What you have to do =
The listing below should be printed in full and exactly, apart from its images.

Material provided =
◆ ◆ ◆ ◆ ◆
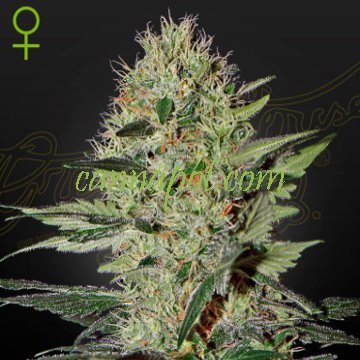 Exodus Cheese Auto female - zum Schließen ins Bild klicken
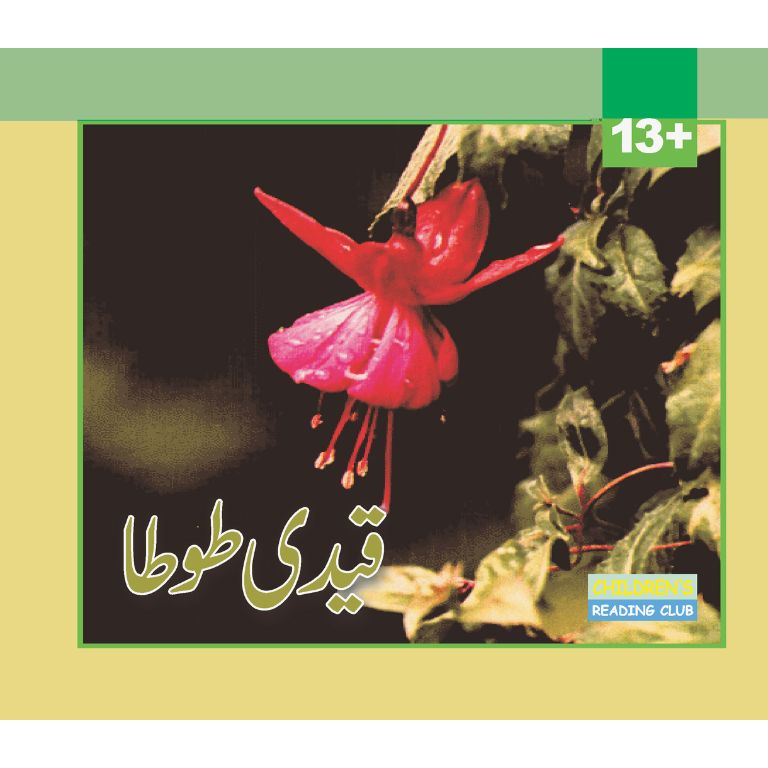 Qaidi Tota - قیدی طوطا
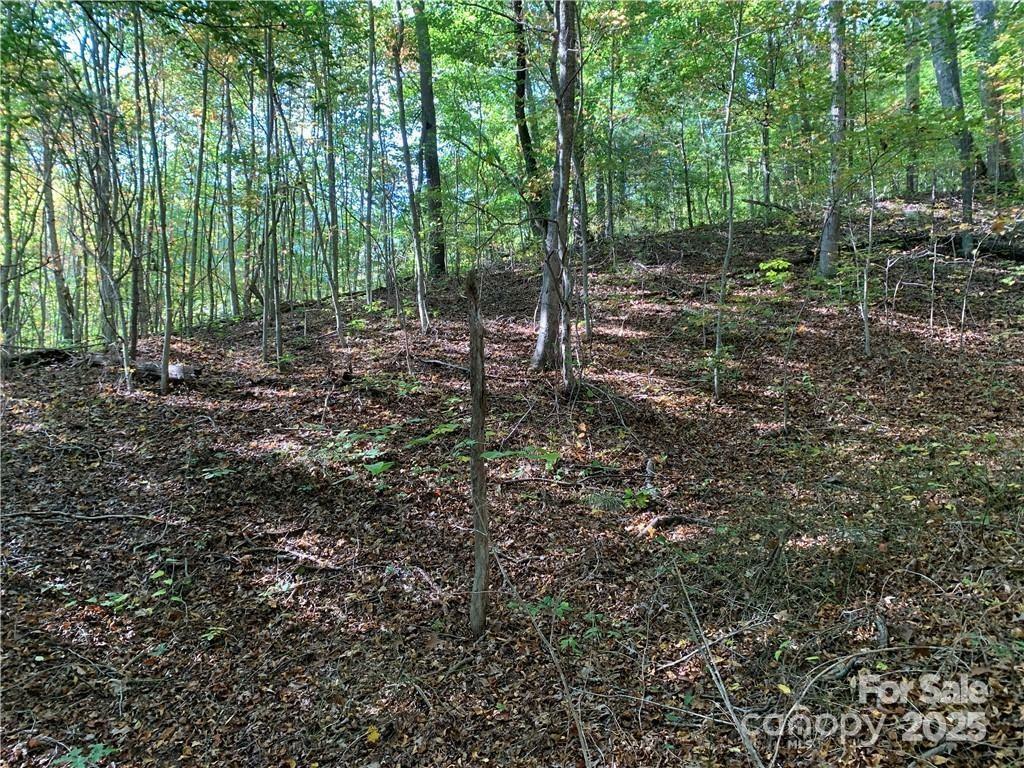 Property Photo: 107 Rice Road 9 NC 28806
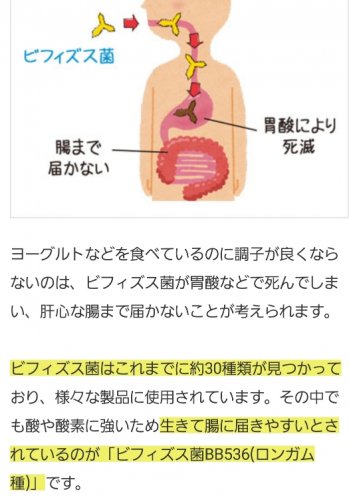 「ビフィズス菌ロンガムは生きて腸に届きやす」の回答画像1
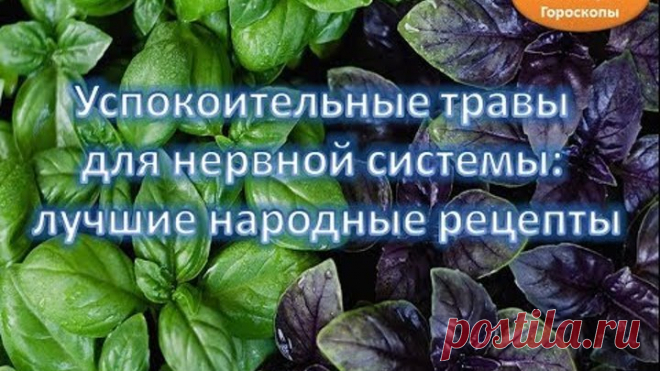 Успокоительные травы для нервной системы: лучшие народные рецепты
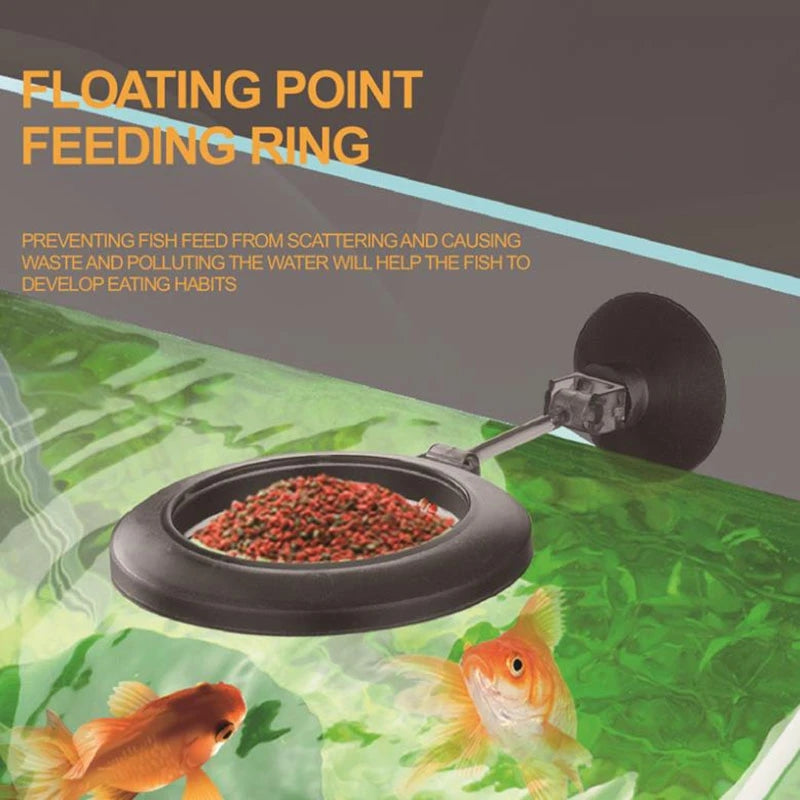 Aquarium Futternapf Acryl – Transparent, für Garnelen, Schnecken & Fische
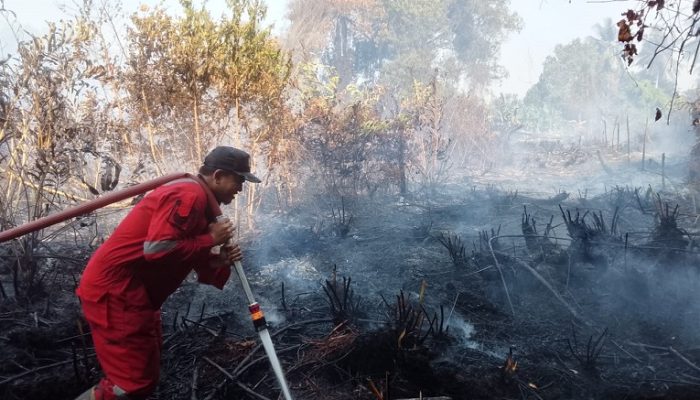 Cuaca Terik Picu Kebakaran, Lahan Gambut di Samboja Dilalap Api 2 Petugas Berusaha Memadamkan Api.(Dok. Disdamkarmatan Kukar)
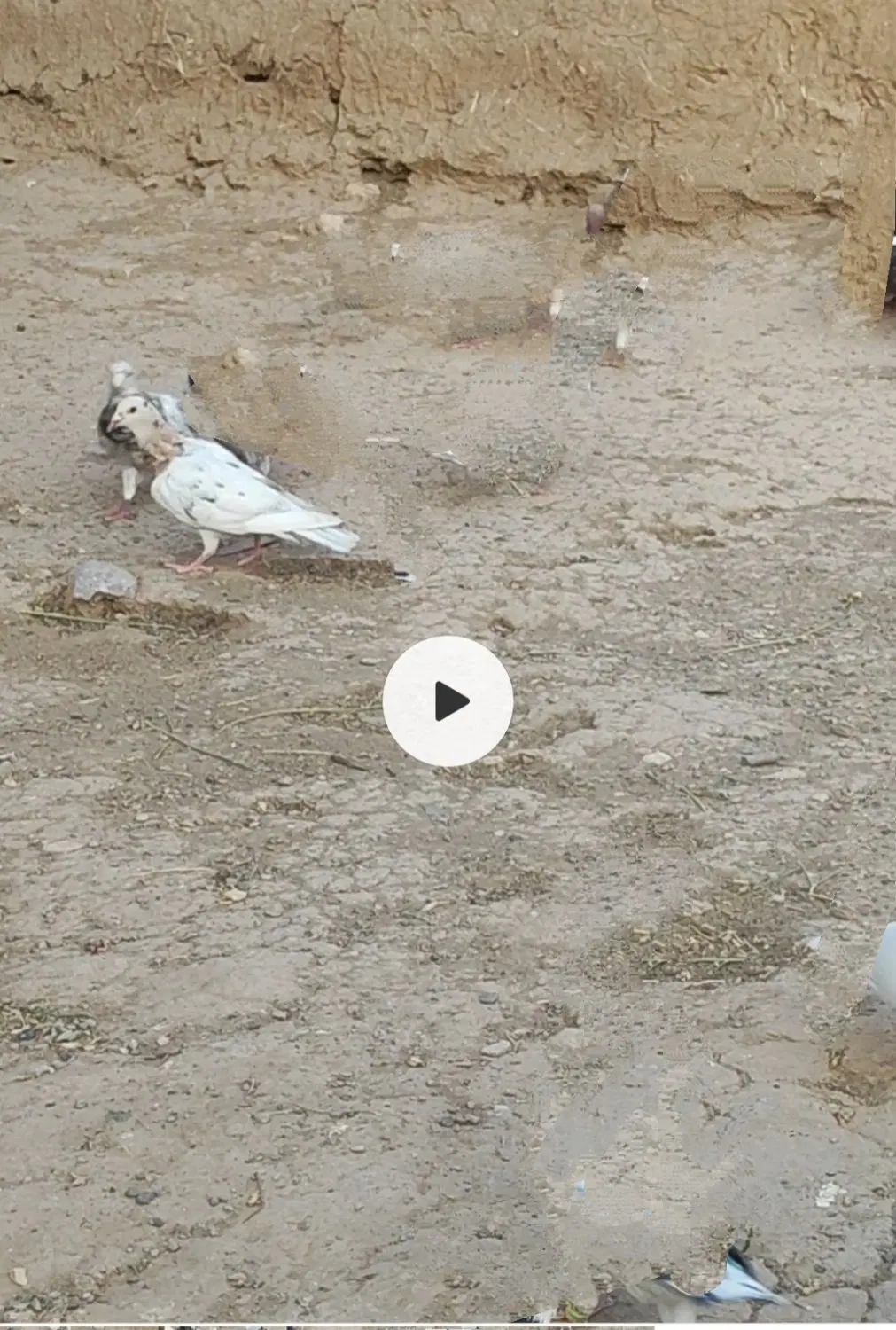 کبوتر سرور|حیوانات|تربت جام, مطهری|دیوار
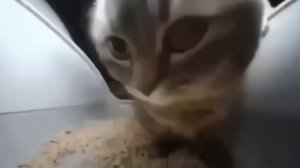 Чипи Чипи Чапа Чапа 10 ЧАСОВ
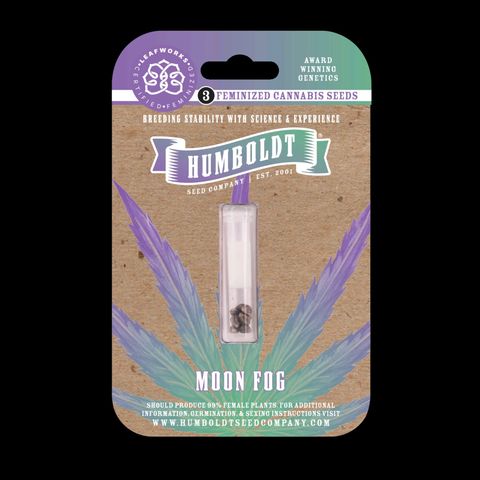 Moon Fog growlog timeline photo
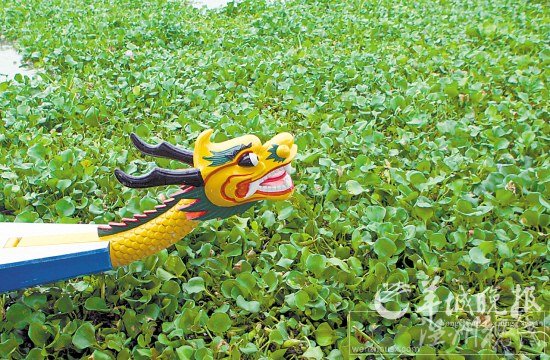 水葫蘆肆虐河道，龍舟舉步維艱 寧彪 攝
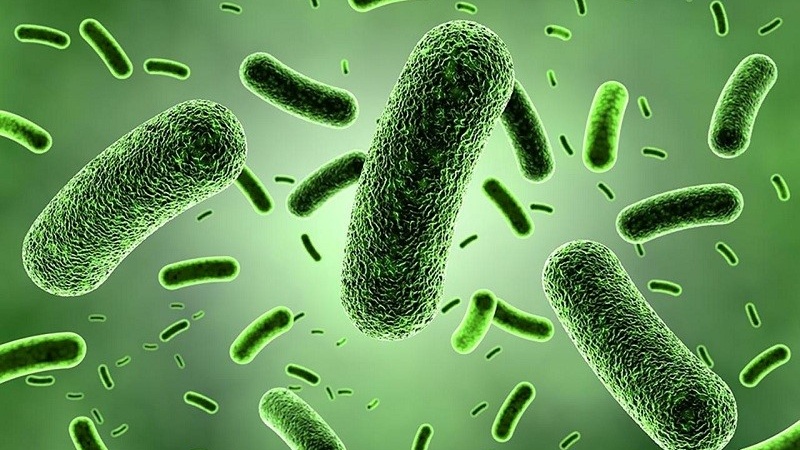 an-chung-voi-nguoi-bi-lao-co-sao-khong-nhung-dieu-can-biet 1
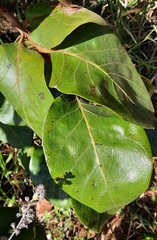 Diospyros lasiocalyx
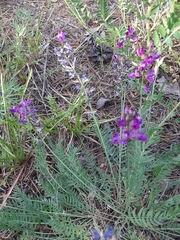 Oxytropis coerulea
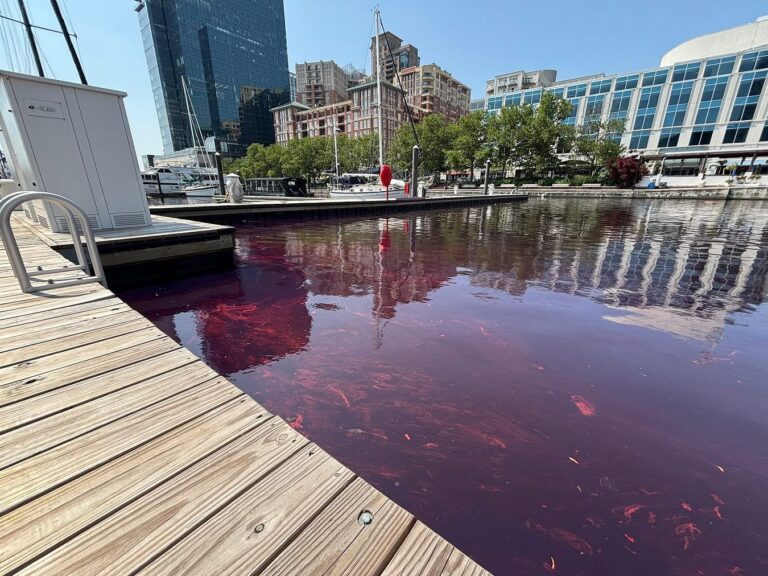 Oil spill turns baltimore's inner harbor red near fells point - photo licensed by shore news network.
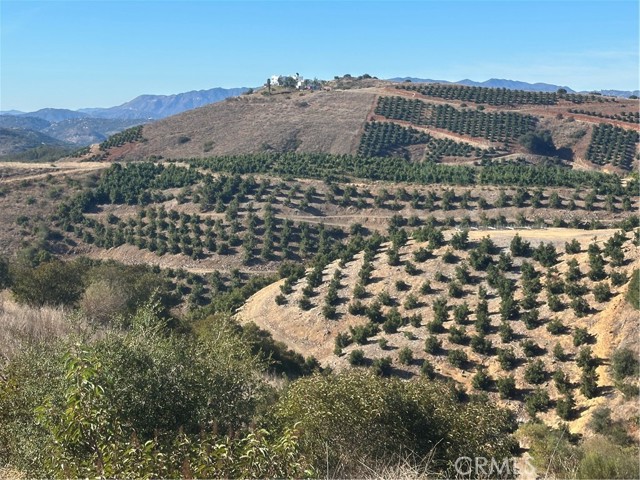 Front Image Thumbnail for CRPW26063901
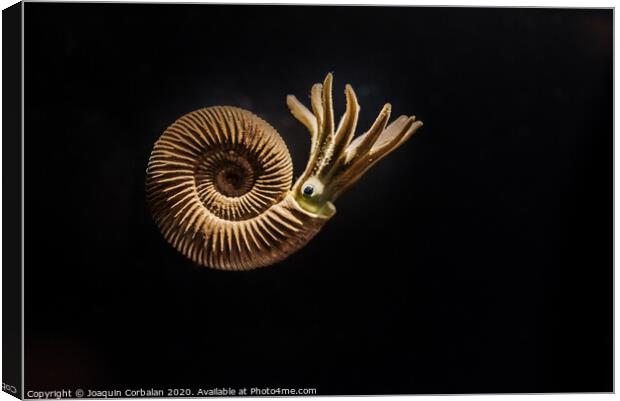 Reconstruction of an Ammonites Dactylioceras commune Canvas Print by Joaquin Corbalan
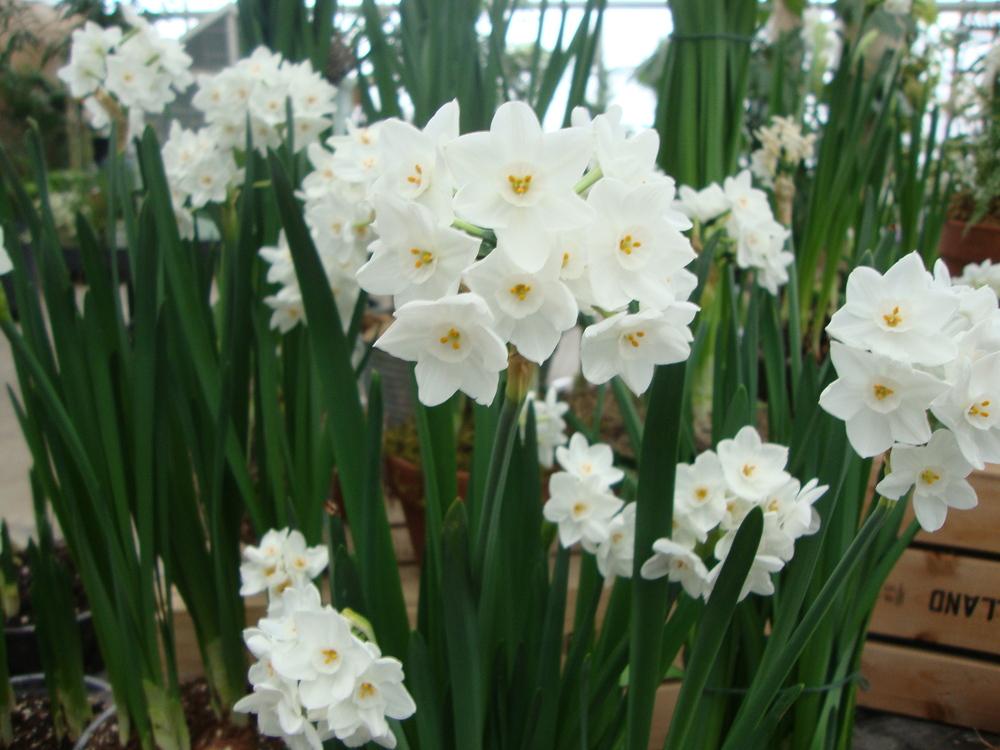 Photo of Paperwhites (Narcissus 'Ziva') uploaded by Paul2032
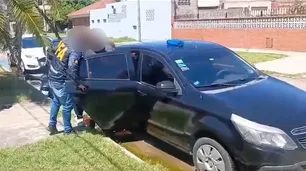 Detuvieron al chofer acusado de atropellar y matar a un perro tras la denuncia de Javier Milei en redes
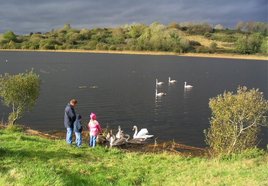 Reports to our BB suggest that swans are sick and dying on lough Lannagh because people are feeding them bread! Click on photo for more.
◆ ◆ ◆ ◆ ◆
Task solution =
 Exodus Cheese Auto female - zum Schließen ins Bild klicken
 Qaidi Tota - قیدی طوطا
 Property Photo: 107 Rice Road 9 NC 28806
 「ビフィズス菌ロンガムは生きて腸に届きやす」の回答画像1
 Успокоительные травы для нервной системы: лучшие народные рецепты
 Aquarium Futternapf Acryl – Transparent, für Garnelen, Schnecken & Fische
 Cuaca Terik Picu Kebakaran, Lahan Gambut di Samboja Dilalap Api 2 Petugas Berusaha Memadamkan Api.(Dok. Disdamkarmatan Kukar)
 کبوتر سرور|حیوانات|تربت جام, مطهری|دیوار
 Чипи Чипи Чапа Чапа 10 ЧАСОВ
 Moon Fog growlog timeline photo
 水葫蘆肆虐河道，龍舟舉步維艱 寧彪 攝
 an-chung-voi-nguoi-bi-lao-co-sao-khong-nhung-dieu-can-biet 1
 Diospyros lasiocalyx
 Oxytropis coerulea
 Oil spill turns baltimore's inner harbor red near fells point - photo licensed by shore news network.
 Front Image Thumbnail for CRPW26063901
 Reconstruction of an Ammonites Dactylioceras commune Canvas Print by Joaquin Corbalan
 Photo of Paperwhites (Narcissus 'Ziva') uploaded by Paul2032
 Detuvieron al chofer acusado de atropellar y matar a un perro tras la denuncia de Javier Milei en redes
 Reports to our BB suggest that swans are sick and dying on lough Lannagh because people are feeding them bread! Click on photo for more.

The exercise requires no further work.